Avangard olmak için olunabilir de, başka nedenlerle de olunabilir de... Avangardizm bir araçtır, bir amaç değil. Sanat, bilim ve felsefe de öyledir. Evrim yeni ve farklı bir şey demektir. Değişmeyen sanat ölür, tinini ve tözünü yitirir, mozaik resmin ve yağlıboya resmin başına geldiği gibi. Bu koşullarda modern dansın temel koyutlarını değiştirmesi gerekiyor, demek oluyor. (Buto’nun anavatanı olan) Japonya’lı entellektüeller, 2000’lerde artık Japonya’nın Hiroşima-Nagazaki mazlumu sayılamayacağını belirttiler, çünkü Japonya da artık nükleer bomba yapabilecek durumda, belki yapmıştır bile ve kullanmaktan hiç çekinmez. Bu aynı zamanda buto’dan da vazgeçmeleri demektir, çünkü buto mazlumların sanatıdır, zalimlerin değil. Bunun yanısıra, beyaz kadınlar buto yapmaya başladı ve ortaya anlamsız görüngüler çıktı. Şerh: Caz’ın zenvilikten çıkıp dünyalılaşması sanatsal bir karşı örnek, belki gelecekte modern dans için de öyle olur.

7. Bilgisayarın ve Siberuzayın Modern-Dansta Yanlış ve Eksik  Kullanımı:

Konu tümüyle sinemacıların tekeline geçti. Örneğin ‘300’ filmindeki kahin kadının dansı planı (ki 30 saniye bile sürmüyordu), neden 2 saatlık dijital koreografik bir eser olarak yaratılmamış durumda?

Dansçılara dijital kayıt giysileri giydirip, birçok dansın dijital / bilgisayar kaydı taa 1980’lerde yapıldı. Peki, o zaman 25 yıl sonra neden bu tür ürünler yok? Pazarı mı yok sanılıyor? Bausch, Türkiye’de 2000’lerde 50 dolarlık biletlerle 25.000 seyirci topladı. Bu, gerçek bir pazar değil mi?

Gibson örneklemesinde simgeleşen siberuzay romanları, sanal dünyada yolculuğu en çok dansa benzetirler ki zaten öyledir: Düşüncenin dansıdır siberuzay.

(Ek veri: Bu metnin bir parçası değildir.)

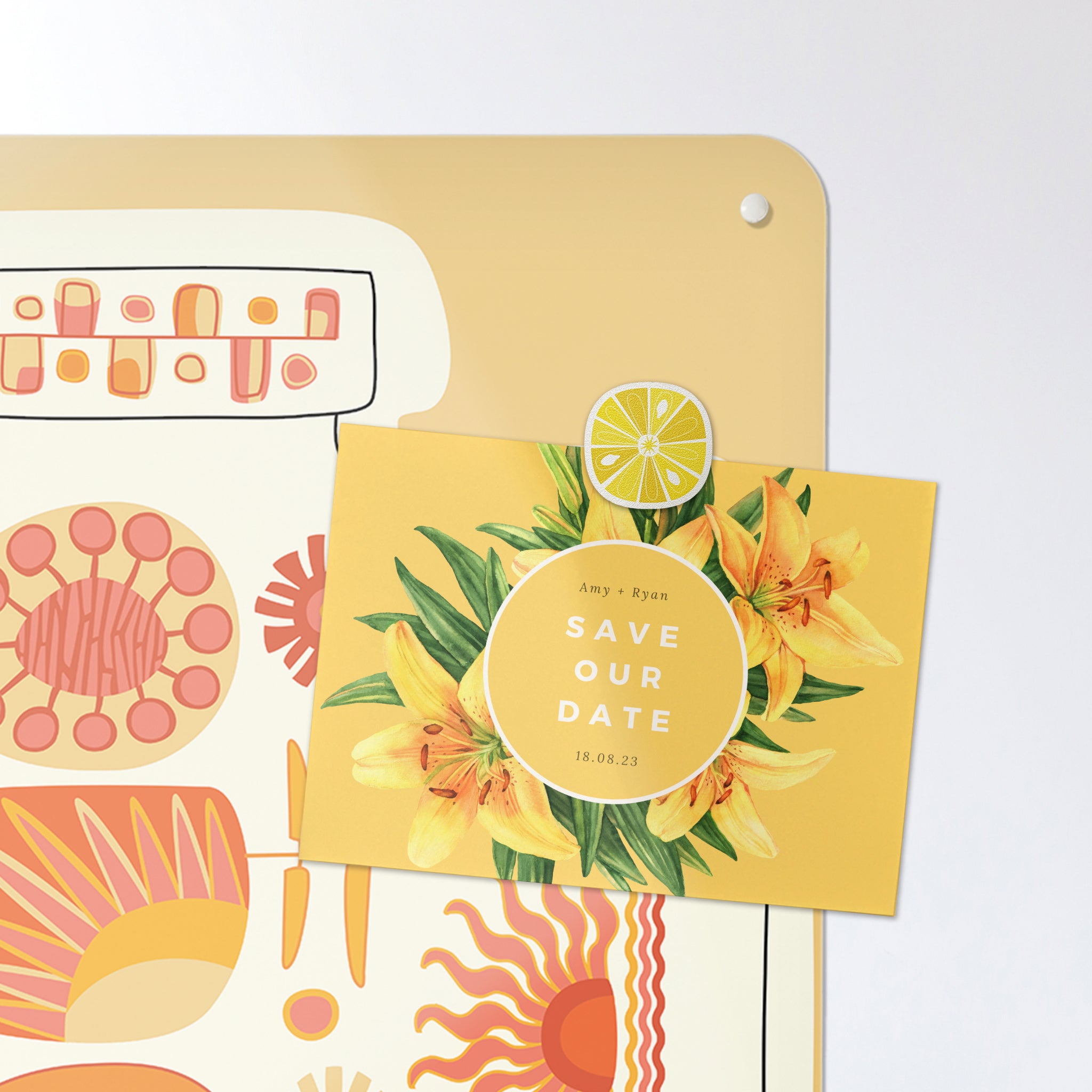 A postcard on a lucky card suns design magnetic board or metal wall art panel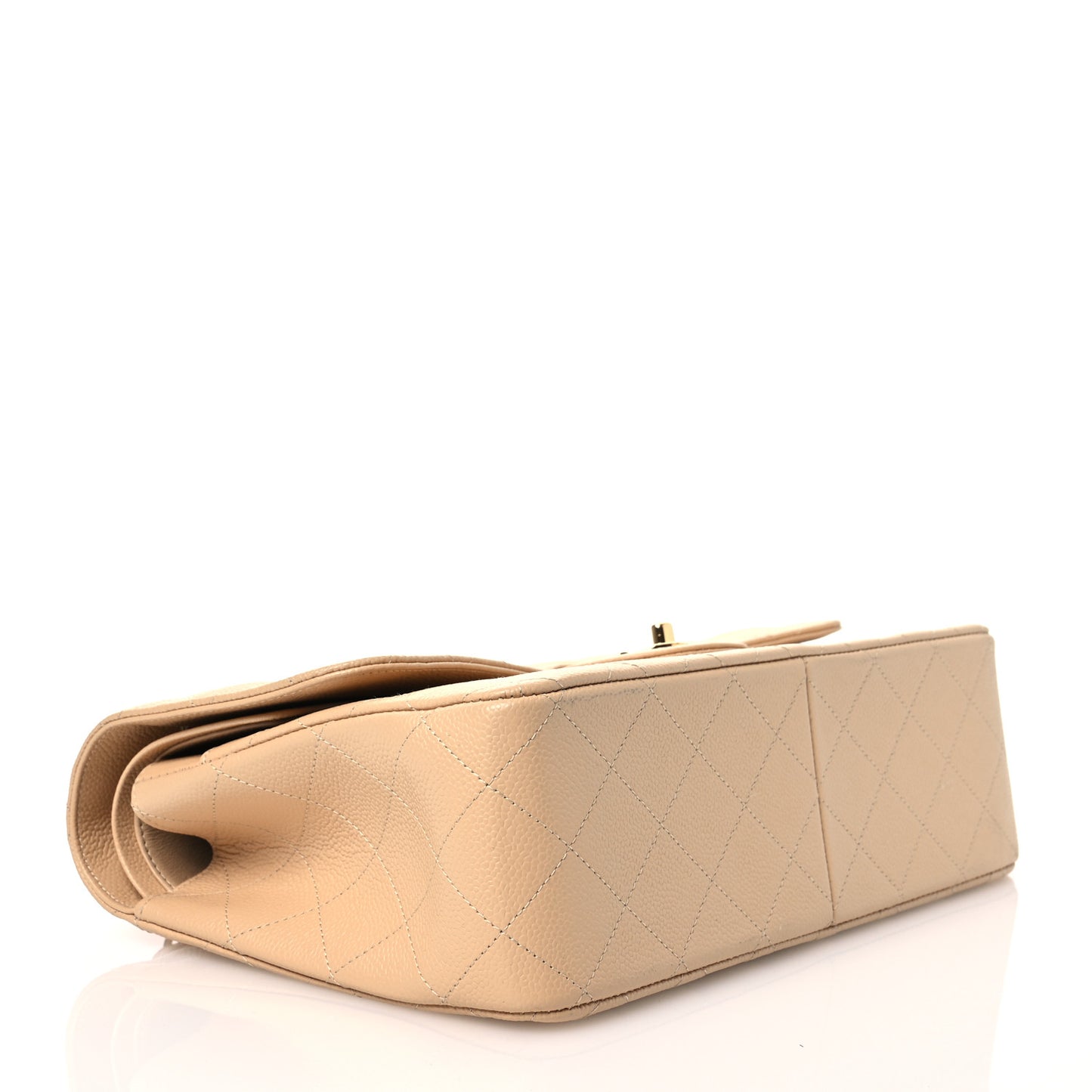 Cavia Quilted Jumbo Double Flap Beige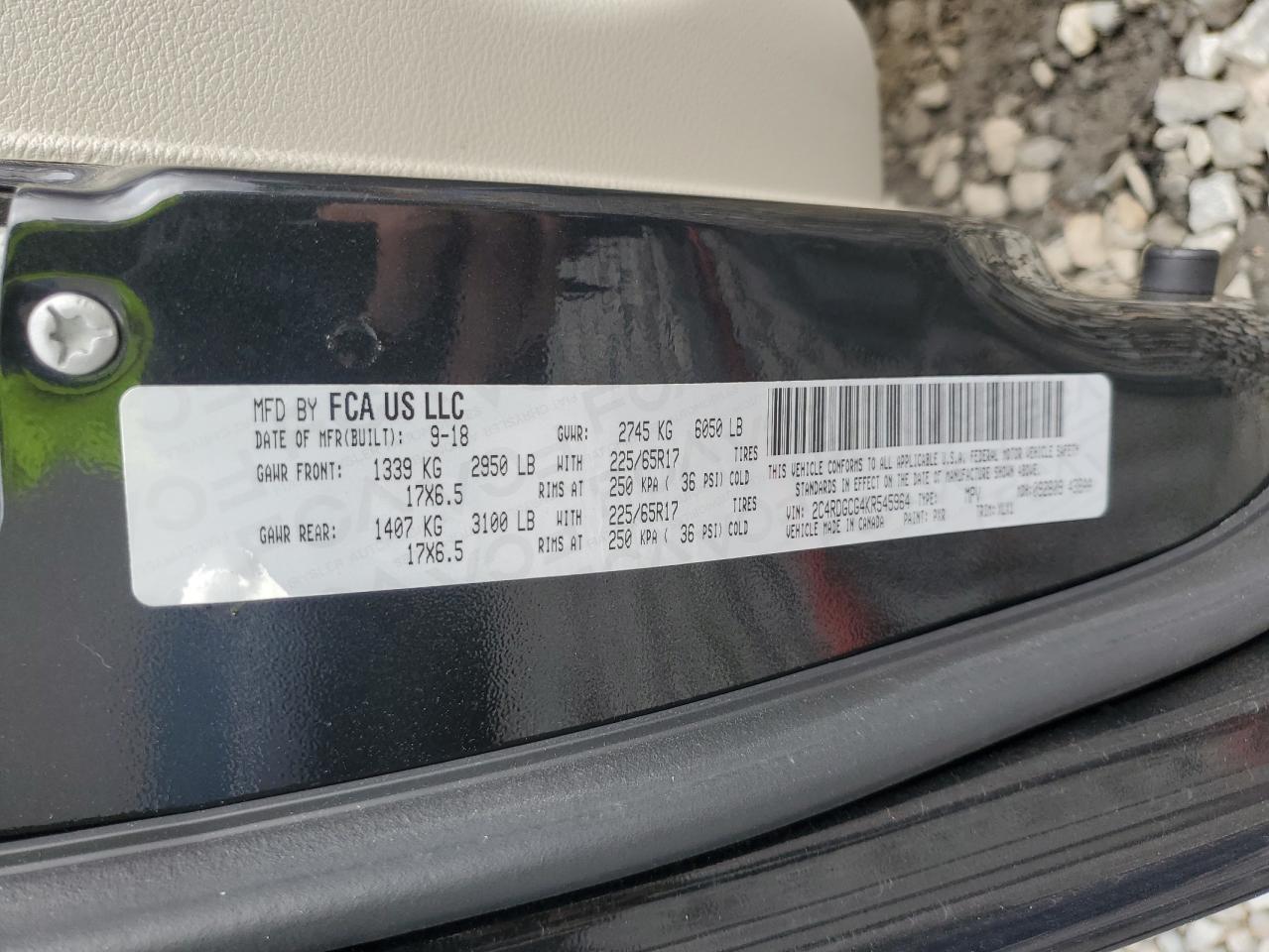 2019 Dodge Caravan VIN 2C4RDGCG4KR545964 Copart auction photo, front end damage thumbnail 13
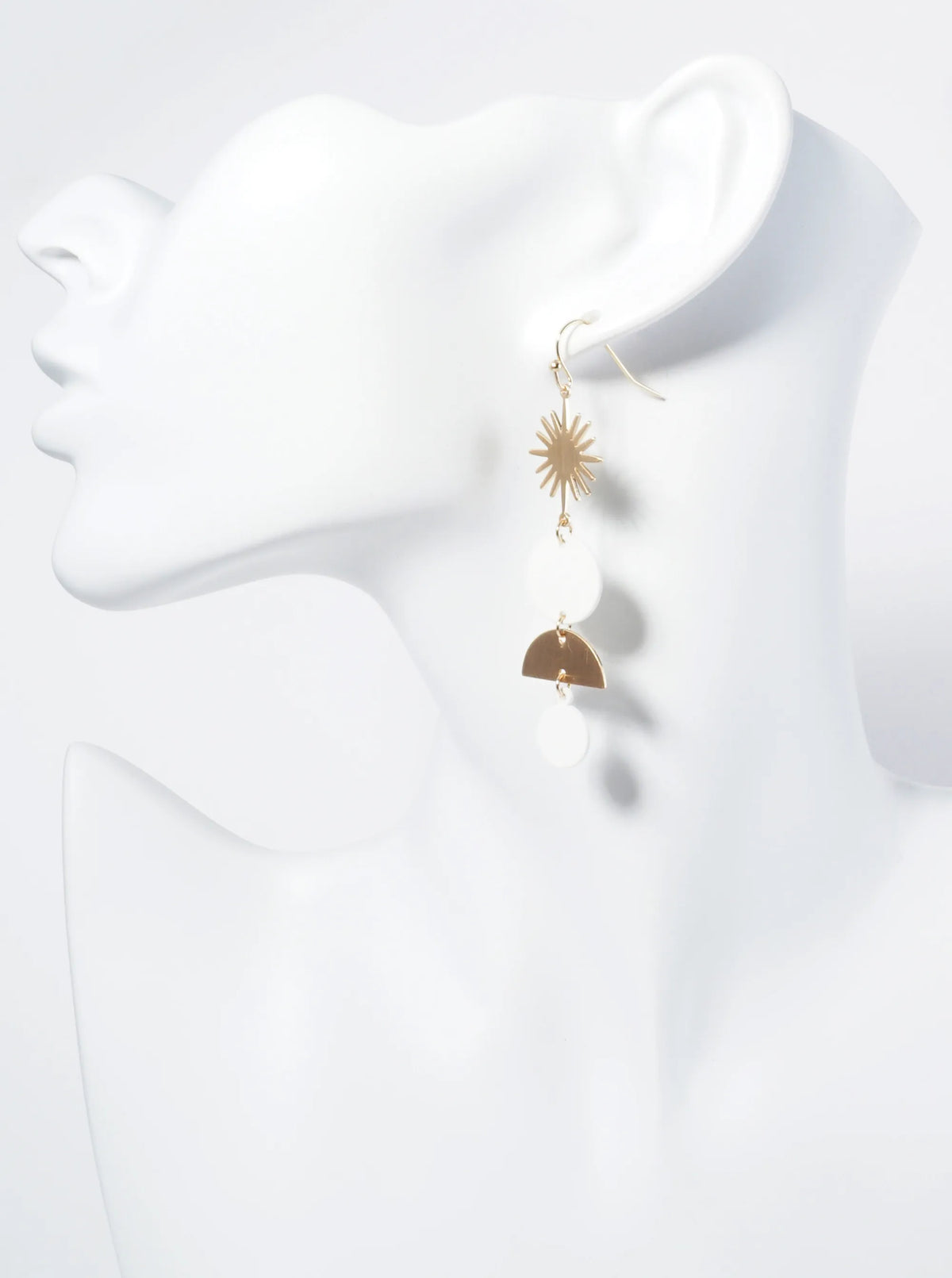 Color Coated Geometric Circles Drip Sunburst Dangle Earrings
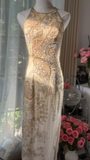 Retro Golden Sparkling Beaded Halter Dress Elegant Chiffon Evening Dress Prom Dresses HZ1024
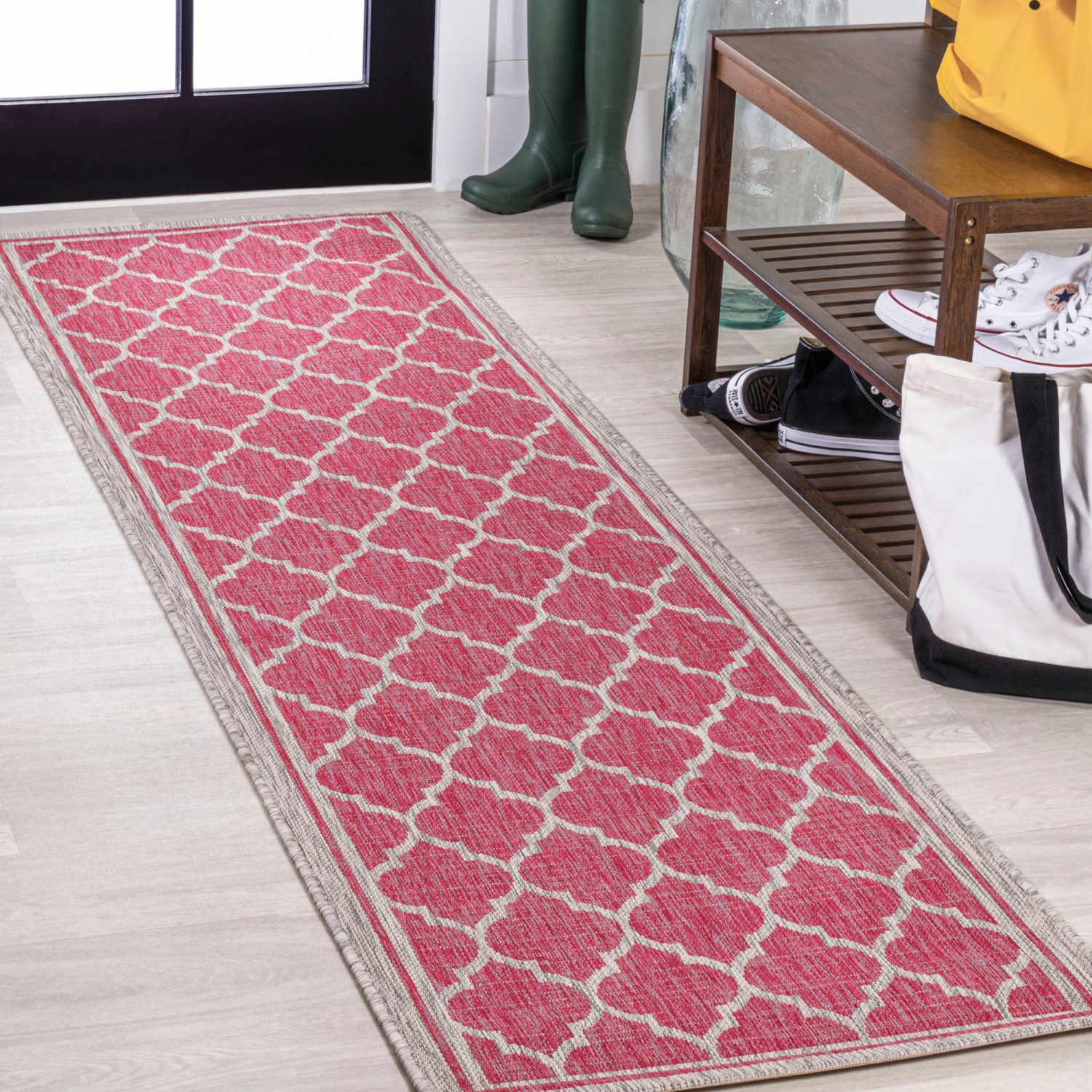 Tapis d'intérieur/d'extérieur Trebol Moroccan Trellis Textured Weave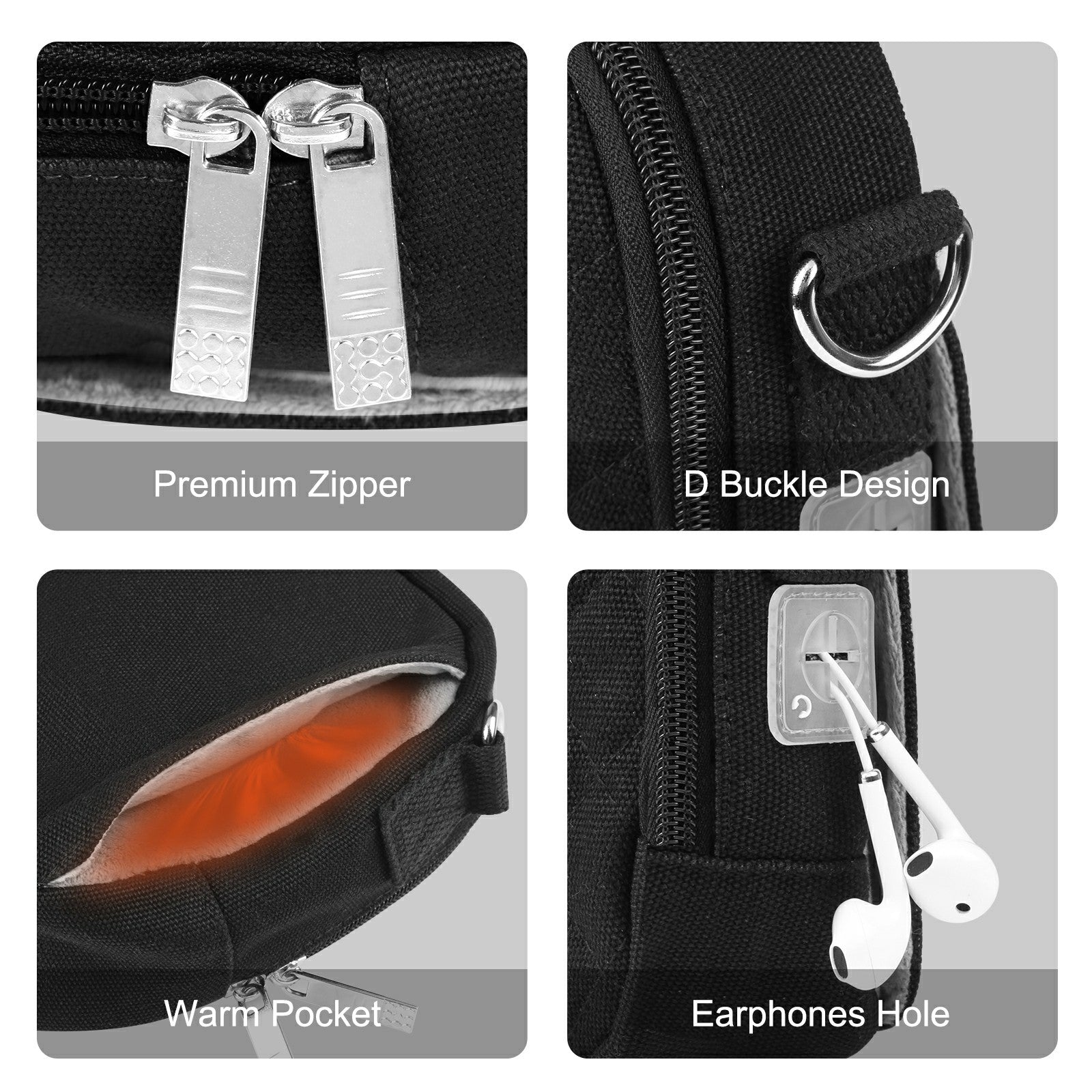 HAWEEL HWL2133 Crossbody Shoulder Bag Heating Hand Warmer Bag Storage Bag for Phone Power Stand
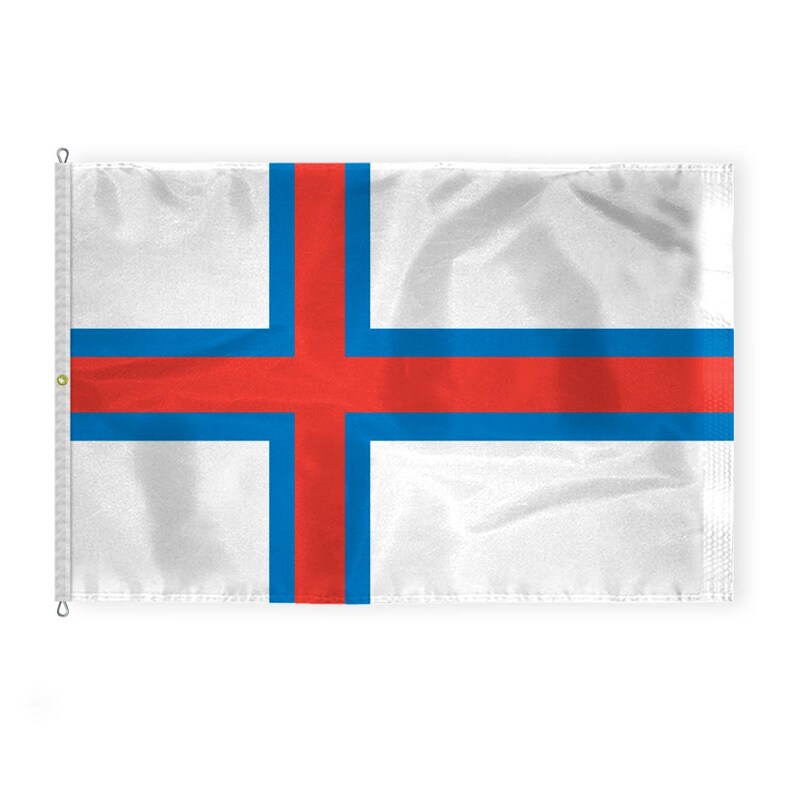 May include: A white flag with a red cross and blue stripes. The flag of the Faroe Islands.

Benzeri örnekler yaratılmış olsaydı, çoktan Youtube’da yerini bulurdu. Ancak yok.

Çıkış:

Bu koşullarda modern dansın tao’su kapatılmış demektir. (Kapatanlardan biri de, bizzat kadın Alman modern dansçı Pina Bausch’tur.)

Sonsuz olmayan yol, yol değildir.

Duvarlar yıkılır, düğümler kesilir ve gelecek hep gelir ve uzun sürer.

Dans için de öyle olacak.

Bu metin, post-3-modern dansın yakın gelecekteki olası olanakları hakkında bir tasarımdı.

Bu metnin ana akıl yürütme yöntemi negasyondu.

Bu metnin geçerlilik süresi, şimdiden başlayarak en az 10, en çok 20 yıldır.